Confessions d’un «assassin financier», livre de John Perkins
Dans cette autobiographie captivante (Confessions d’un assassin financier, alTERRE, 2005), John Perkins raconte comment, ancien serviteur empressé de l’«empire global», il est devenu un défenseur des droits de l’homme et des peuples opprimés.
Recruté en tant qu’agent infiltré en 1971, à l’âge de 26 ans, par la National Security Agency (NSA) américaine et salarié par la société-conseil internationale Chas. T. Main, il a voyagé de par le monde: Indonésie, Panama, Equateur, Colombie, Arabie saoudite, Iran et autres pays d’importance stratégique. Sa mission était de mettre en œuvre des mesures politiques à l’aide d’études de faisabilité et de projections de croissance économique en apparence scientifiquement fondées mais manipulées, cela afin de promouvoir les intérêts de ce qu’il appelle la «corporatocratie» (coalition de gouvernements, de banques et d’entreprises) américaine et internationale, sous prétexte de lutte contre la pauvreté. Mesures politiques qui ont monté beaucoup de peuples contre les Etats-Unis et ont, entre autres, finalement abouti aux événements du 11 septembre 2001.

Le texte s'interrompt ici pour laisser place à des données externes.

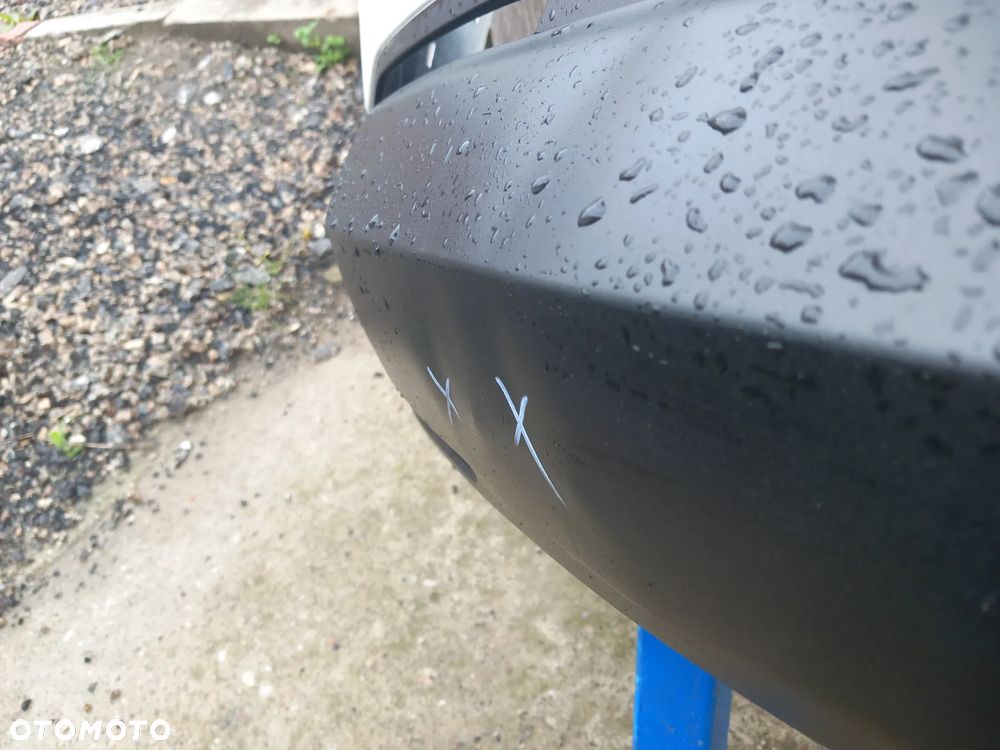 Zderzak MAZDA CX30 przód/przedni OE DFP5-50031 - 9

Le récit de Perkins nous montre jusqu’où lui et ses collègues – qui se nomment eux-mêmes des «assassins financiers» (economic hit men) – étaient prêts à aller. Il explique par exemple comment il a contribué à réaliser des plans secrets qui ont amené des pays du tiers-monde fortement endettés à se soumettre aux intérêts militaires, politiques et économiques de «l’empire global» ou fait revenir des milliards de pétrodollars d’Arabie Saoudite dans l’économie des Etats-Unis. Il met au jour les mécanismes du contrôle impérial cachés derrière plusieurs événements dramatiques de l’histoire récente comme la chute du shah d’Iran, la mort du président de l’Equateur Jaime Roldos, le 24 mai 1981, et du président du Panama Omar Torrijos, le 31 juillet 1981, les invasions, par les Etats-Unis, du Panama le 20 décembre 1989 et de l’Irak durant les premiers mois de 1991.

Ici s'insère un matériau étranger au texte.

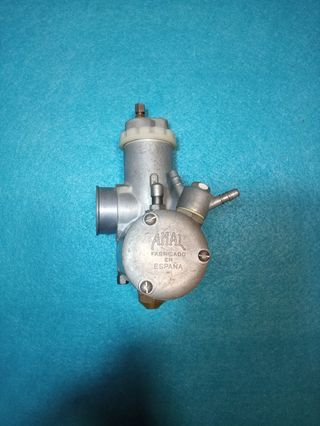 Carburador Amal B32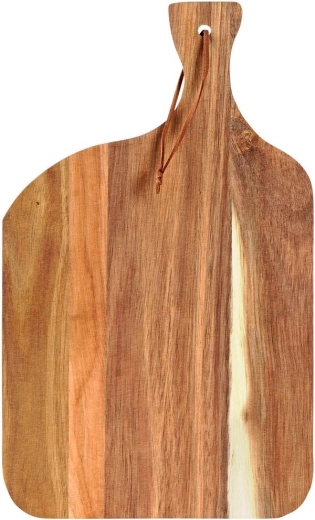 Na krájanie aj servírovanie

Formation des «assassins financiers»
«Les «assassins financiers» sont des professionnels grassement payés qui escroquent des billions de dollars à divers pays du globe. Ils dirigent l’argent de la Banque mondiale, de l’Agence américaine du développement international et d’autres organisations «humanitaires» vers les coffres de grandes compagnies et vers les poches de quelques familles richissimes qui contrôlent les ressources naturelles de la planète. Leurs armes principales sont les rapports financiers frauduleux, les élections truquées, les pots-de-vin, l’extorsion, le sexe et le meurtre. Ils jouent un jeu vieux comme le monde mais qui a atteint des proportions terrifiantes en cette époque de mondialisation.»

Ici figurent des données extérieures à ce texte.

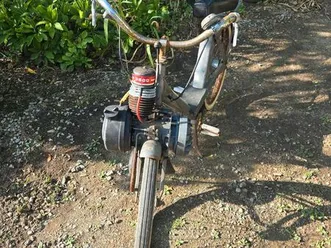 vend solex modèle 3800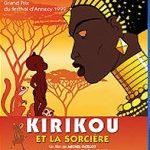 Kirikou Et La Sorcière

En 1971, alors qu’il avait 26 ans et après son recrutement par la NSA, Perkins est devenu, sous la houlette d’une formatrice, un assassin financier. Ses missions étaient, entre autres, les suivantes:
«Premièrement il devait justifier d’énormes prêts internationaux dont l’argent [provenant des pays en voie de développement qui recevaient des prêts] serait redirigé vers MAIN et d’autres compagnies américaines (comme Bechtel, Halliburton, Stone & Webster et Brown & Root) par le biais de grands projets de construction et d’ingénierie. Deuxièmement, il devait mener à la banqueroute les Etats qui recevaient ces prêts (après qu’ils aient payé MAIN et les autres entreprises américaines, évidemment) de sorte qu’ils seraient à jamais redevables à leurs créanciers et constitueraient donc des cibles faciles quand on aurait besoin d’obtenir leurs faveurs sous la forme de bases militaires, de votes aux Nations unies ou de l’accès au pétrole et à d’autres ressources naturelles.»
Exemple de l’Equateur
Depuis que les assassins financiers ont introduit en Equateur les «bienfaits» de l’économie moderne, des banques et de l’ingénierie, le pays se porte beaucoup plus mal. Depuis 1970, donc durant la période dite par euphémisme celle du boom pétrolier, le niveau de pauvreté officiel est passé de 50% à 70%, le sous-emploi, c’est-à-dire le chômage, de 15% à 70% et la dette publique de 240 millions à 16 milliards de dollars. E
En même temps, la part des ressources nationales allouée aux plus pauvres est passée de 20% à 6%. Et l’Equateur n’est pas une exception. Presque tous les pays que les assassins financiers ont placés sous la «protection» de l’empire global ont connu un sort analogue. La dette du tiers-monde est maintenant de deux billions et demi de dollars et sa gestion, en 2004, coûte environ 375 milliards par an, soit plus que les dépenses totales du tiers-monde en matière de santé et d’éducation, et vingt fois plus que ce que les pays en voie de développement reçoivent au titre de l’aide au développement.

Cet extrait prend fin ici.